Why the Roma forgive each other the unforgivable
And is the price of peace too high?

In 1979, thirteen-year-old Dana was saddled with her newborn brother Pepi. Like in most cases with isolated communities living in poverty, the older children help looking after the younger children while the parents work.
Pepi was the youngest out of 12 kids. Dana, stepping into her teens and age of independence, did her best to take care of the baby but felt crushed under the responsibility. She asked an aunt for help to go to an orphanage because only an adult could sign documents to give away Pepi.

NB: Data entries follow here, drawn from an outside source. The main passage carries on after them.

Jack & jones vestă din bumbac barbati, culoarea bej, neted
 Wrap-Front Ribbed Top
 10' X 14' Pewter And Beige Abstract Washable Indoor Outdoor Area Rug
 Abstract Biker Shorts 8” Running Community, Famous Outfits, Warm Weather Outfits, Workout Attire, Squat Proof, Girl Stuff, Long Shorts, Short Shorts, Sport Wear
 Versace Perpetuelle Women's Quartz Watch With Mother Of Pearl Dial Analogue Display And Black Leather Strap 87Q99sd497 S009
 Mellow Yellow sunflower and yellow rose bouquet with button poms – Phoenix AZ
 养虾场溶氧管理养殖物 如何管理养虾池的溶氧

That wasn’t new in the community. Families were often struggling with illness or starvation. So child protection services would sometimes take children away and also, mothers would sometimes voluntarily drop off a child at an orphanage for days, weeks, or months until they were stable enough to get the child back. Most of Pepi’s siblings had spent brief spells in the same orphanage that Dana took him to.
But Pepi was the only one who nobody came back for. It was because an aunt went with Dana, and not Pepi’s own mother or father, that something in the documents got confused and nobody was able to find him. This is how the story goes. How much is true, we can’t know, and Pepi himself doesn’t fully buy it. The orphanage in question doesn’t exist anymore and finding documents over forty decades ago, particularly for abandoned and orphaned children, is impossible.
Pepi spent 6 years there and was then transferred outside of our city—far, far away, in a small mountain village. After a few more transfers, when he was 16, he returned to Sofia and obtained his birth certificate so he could look for his parents. When he was getting close to the address of the mahala (or “Romani ghetto” as outsiders like to call it), he stopped a woman to ask for directions.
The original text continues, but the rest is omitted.